» **Problem details**
Retype, word for word, every line of the records below starting at the one that contains "Valencia Basket Cup official statement" and ending at the one that contains "Pure Dark Grey Granule Quartz Slabs"; include both of those lines and nothing more.

» **Records to process**
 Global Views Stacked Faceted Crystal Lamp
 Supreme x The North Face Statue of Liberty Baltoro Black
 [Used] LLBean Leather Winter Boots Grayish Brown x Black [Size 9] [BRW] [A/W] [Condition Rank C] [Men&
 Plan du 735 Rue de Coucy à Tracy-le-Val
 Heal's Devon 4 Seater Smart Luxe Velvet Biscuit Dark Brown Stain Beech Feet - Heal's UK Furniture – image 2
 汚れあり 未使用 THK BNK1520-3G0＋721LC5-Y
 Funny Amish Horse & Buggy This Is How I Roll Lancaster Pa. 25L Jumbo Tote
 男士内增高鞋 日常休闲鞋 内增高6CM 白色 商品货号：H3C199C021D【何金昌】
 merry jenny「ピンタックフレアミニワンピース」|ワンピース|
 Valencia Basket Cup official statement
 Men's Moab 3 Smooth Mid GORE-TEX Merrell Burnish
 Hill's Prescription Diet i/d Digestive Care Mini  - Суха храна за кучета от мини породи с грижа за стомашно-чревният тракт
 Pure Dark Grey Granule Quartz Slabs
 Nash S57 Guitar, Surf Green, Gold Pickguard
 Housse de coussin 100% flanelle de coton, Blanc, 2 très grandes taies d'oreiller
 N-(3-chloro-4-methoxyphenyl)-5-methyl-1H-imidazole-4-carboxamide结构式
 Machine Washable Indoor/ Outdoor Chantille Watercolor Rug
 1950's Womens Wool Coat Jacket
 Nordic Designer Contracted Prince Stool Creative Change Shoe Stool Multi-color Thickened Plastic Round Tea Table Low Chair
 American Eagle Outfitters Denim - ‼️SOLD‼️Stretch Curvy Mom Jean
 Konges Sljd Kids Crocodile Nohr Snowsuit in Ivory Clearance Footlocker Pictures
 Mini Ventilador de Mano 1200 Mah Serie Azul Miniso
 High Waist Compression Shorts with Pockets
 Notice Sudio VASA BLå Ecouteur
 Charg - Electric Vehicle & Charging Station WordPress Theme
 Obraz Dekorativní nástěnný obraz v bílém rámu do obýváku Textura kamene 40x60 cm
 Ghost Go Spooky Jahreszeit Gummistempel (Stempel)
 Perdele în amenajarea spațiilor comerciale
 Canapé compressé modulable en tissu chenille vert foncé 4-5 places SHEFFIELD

» **Solved exercise**
 Valencia Basket Cup official statement
 Men's Moab 3 Smooth Mid GORE-TEX Merrell Burnish
 Hill's Prescription Diet i/d Digestive Care Mini  - Суха храна за кучета от мини породи с грижа за стомашно-чревният тракт
 Pure Dark Grey Granule Quartz Slabs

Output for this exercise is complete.